Pictures aside, repeat the whole listing word for word.

• • • • • • •

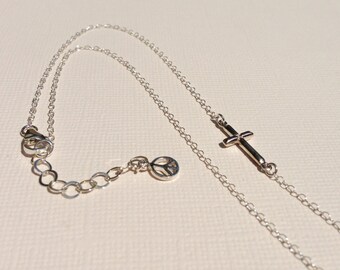 May include: A silver chain necklace with a peace sign charm and a cross pendant.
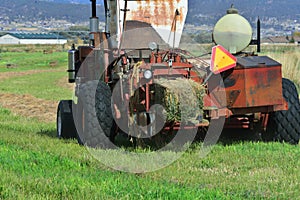 Agriculture: Baler at work in field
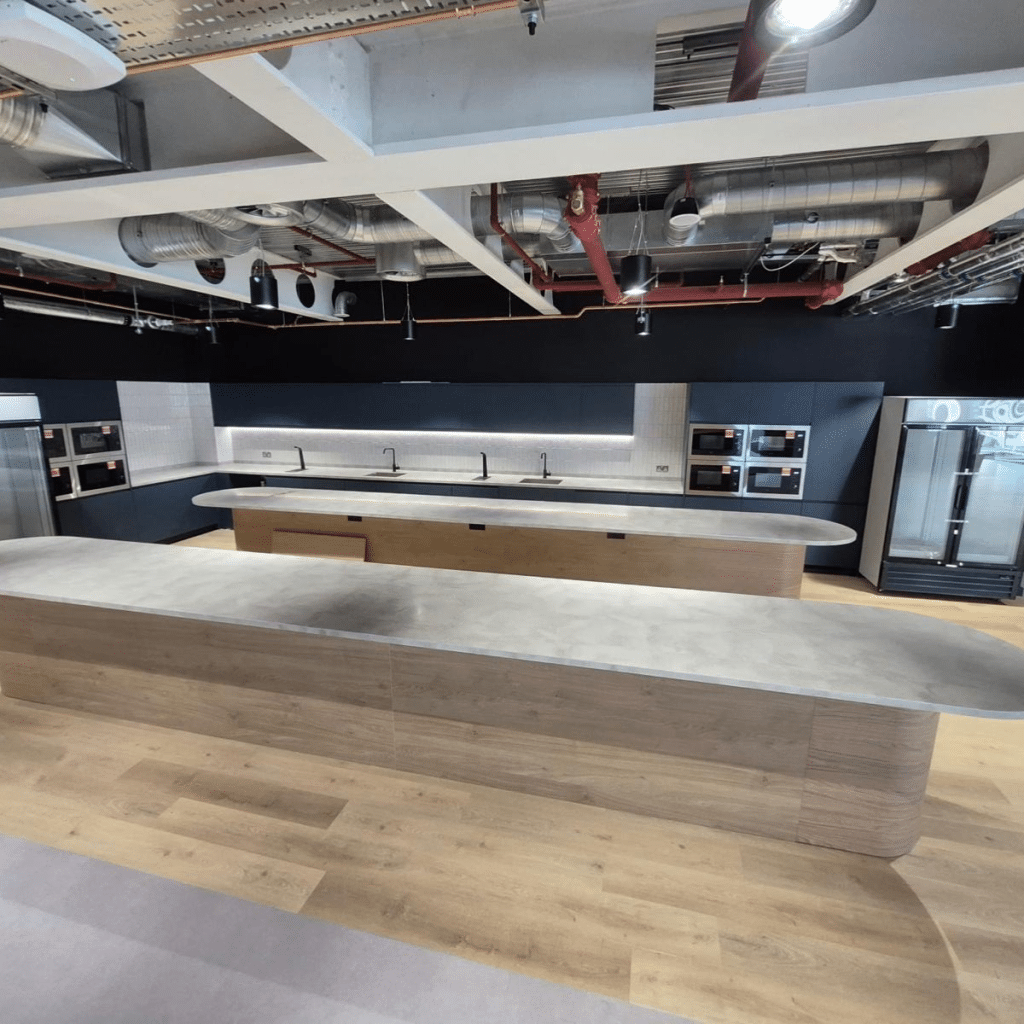 Finished Staron Solid Surface Kitchen Island Units -seamless Solid Surface worktop installation on commercial fit out project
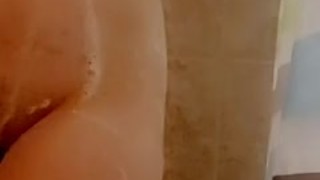 Hot milf soaps her curvy body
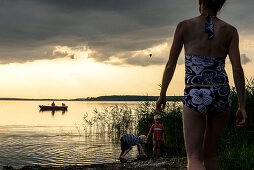 Mother with children go swimming and fishing boat on the lagoon side in Lieper Winkel, Usedom, Baltic Sea Coast, Mecklenburg-Vorpommern, Germany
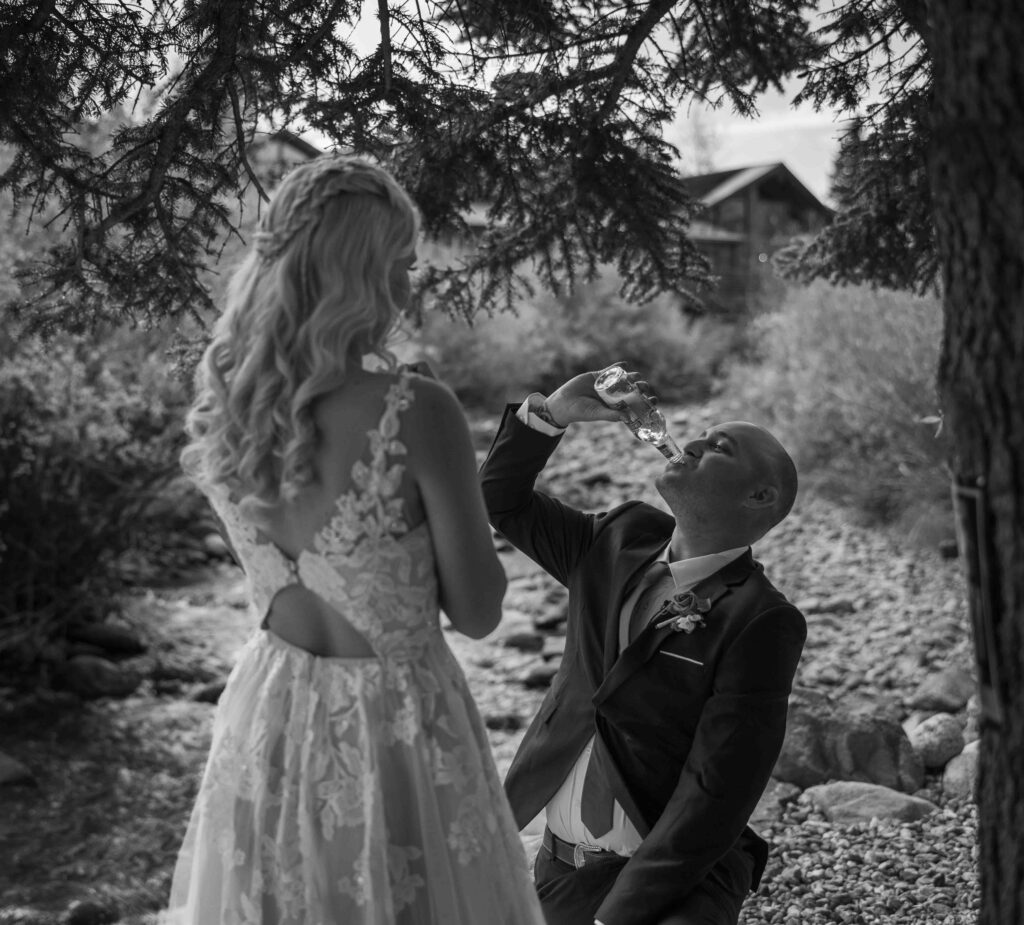 Groom laughing as he gets ‘iced’ during the first look.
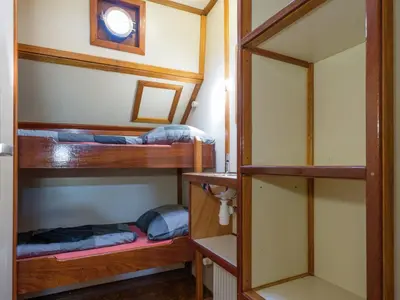 a room with two bunk beds in a house at Boat in Leiden near City Center & Museums in Leiden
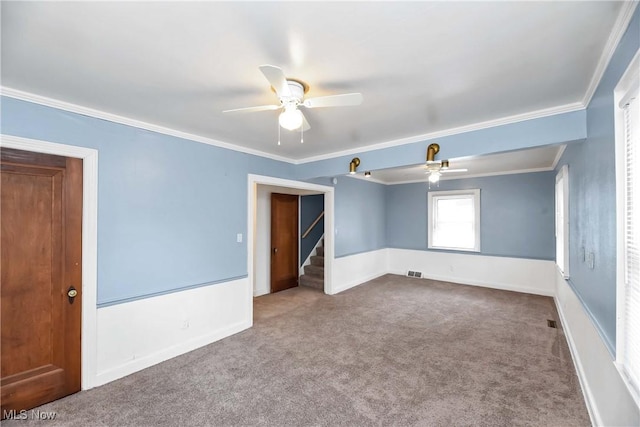 3716 E 52nd St, Cleveland, OH 44105 - empty room with carpet flooring, ceiling fan, visible vents, and ornamental molding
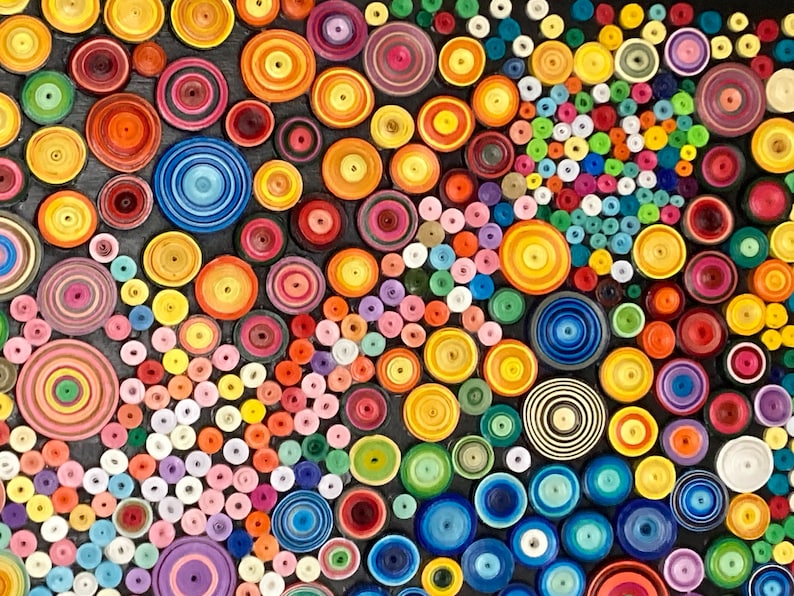 May include: A colorful abstract art piece made of paper circles of various sizes and colors. The circles are arranged in a swirling pattern, creating a sense of movement and energy.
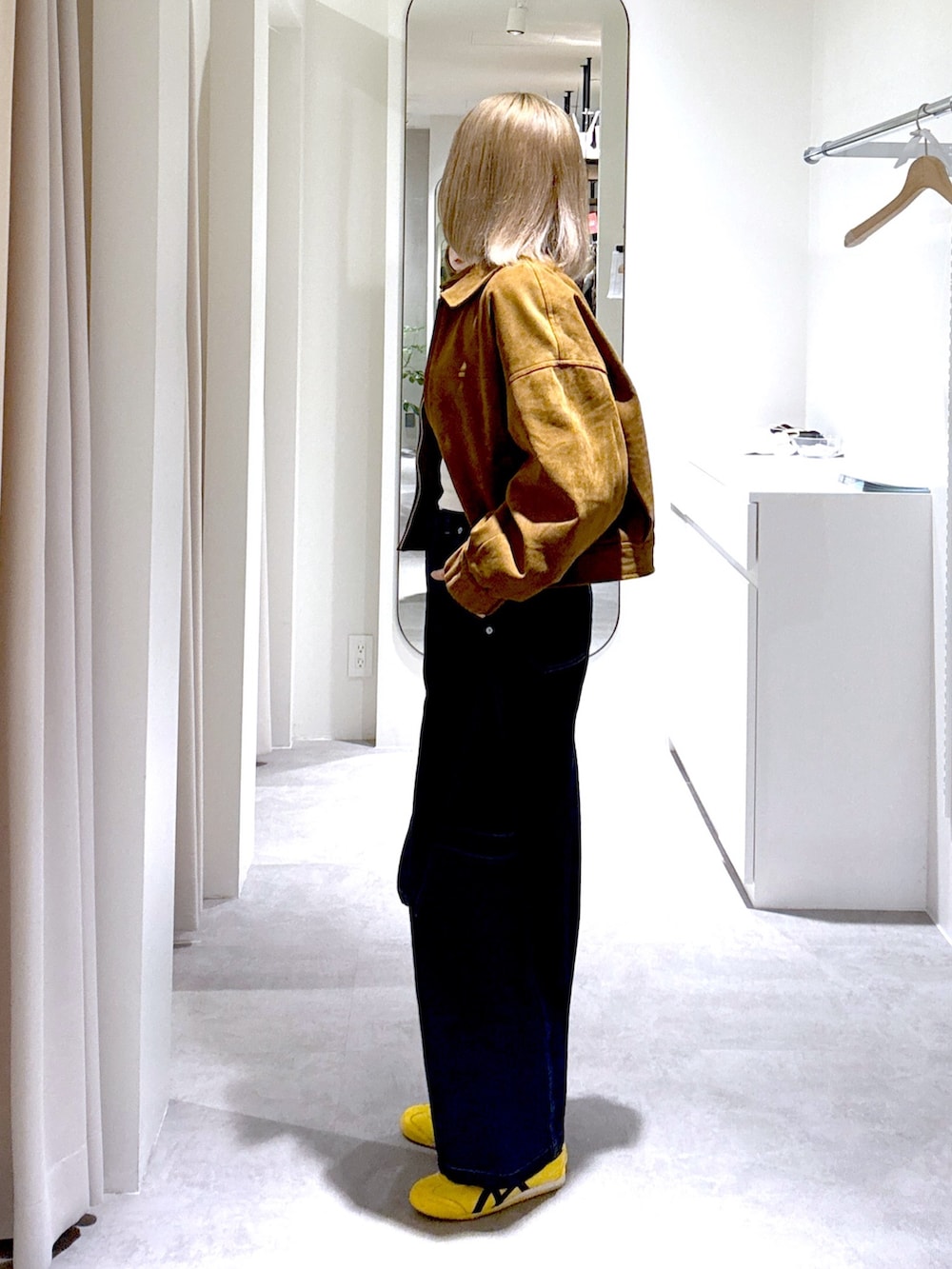 ブルー系のデニムパンツ、ブラック系のショルダーバッグ、ブラウン系のブルゾンを着用したレディースの冬コーディネートの2枚目の写真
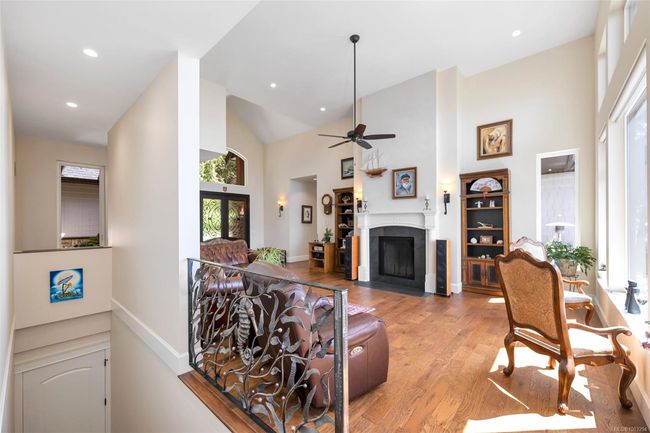 Living room with high vaulted ceiling, light wood-type flooring, a tiled fireplace, a ceiling fan, and recessed lighting | Image 43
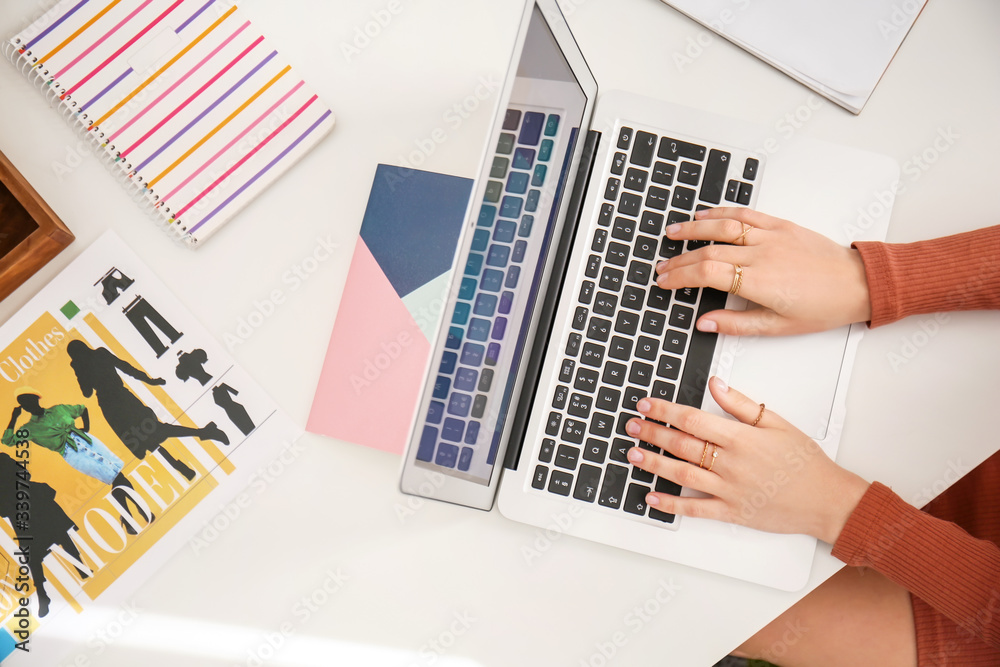 Young female designer working at home, top view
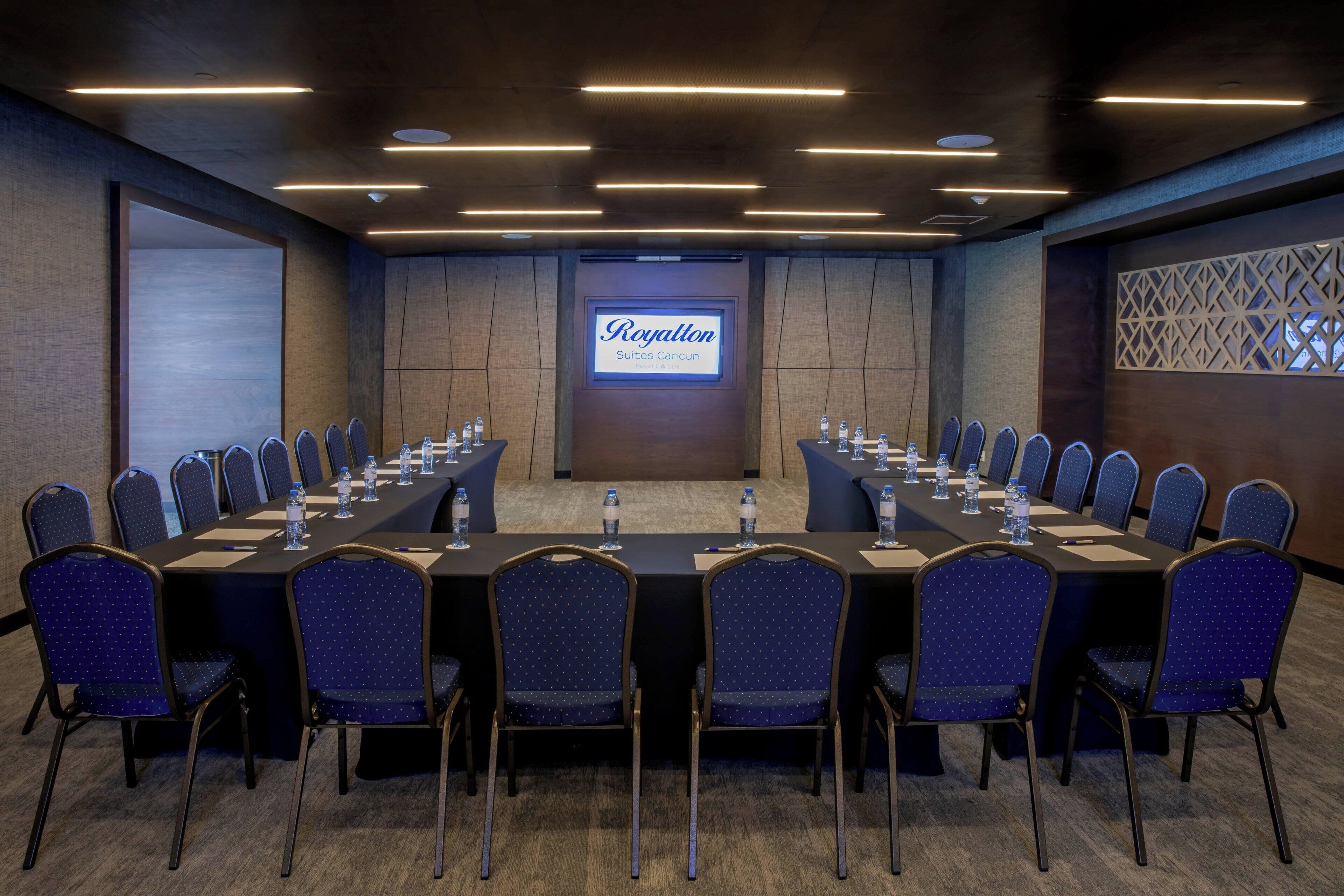 Un salón de conferencias con una larga mesa, sillas y una pantalla que muestra 'Royallton Suites Cancun'.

• • • • • • •

[Answer below]
 May include: A silver chain necklace with a peace sign charm and a cross pendant.
 Agriculture: Baler at work in field
 Finished Staron Solid Surface Kitchen Island Units -seamless Solid Surface worktop installation on commercial fit out project
 Hot milf soaps her curvy body
 Mother with children go swimming and fishing boat on the lagoon side in Lieper Winkel, Usedom, Baltic Sea Coast, Mecklenburg-Vorpommern, Germany
 Groom laughing as he gets ‘iced’ during the first look.
 a room with two bunk beds in a house at Boat in Leiden near City Center & Museums in Leiden
 3716 E 52nd St, Cleveland, OH 44105 - empty room with carpet flooring, ceiling fan, visible vents, and ornamental molding
 May include: A colorful abstract art piece made of paper circles of various sizes and colors. The circles are arranged in a swirling pattern, creating a sense of movement and energy.
 ブルー系のデニムパンツ、ブラック系のショルダーバッグ、ブラウン系のブルゾンを着用したレディースの冬コーディネートの2枚目の写真
 Living room with high vaulted ceiling, light wood-type flooring, a tiled fireplace, a ceiling fan, and recessed lighting | Image 43
 Young female designer working at home, top view
 Un salón de conferencias con una larga mesa, sillas y una pantalla que muestra 'Royallton Suites Cancun'.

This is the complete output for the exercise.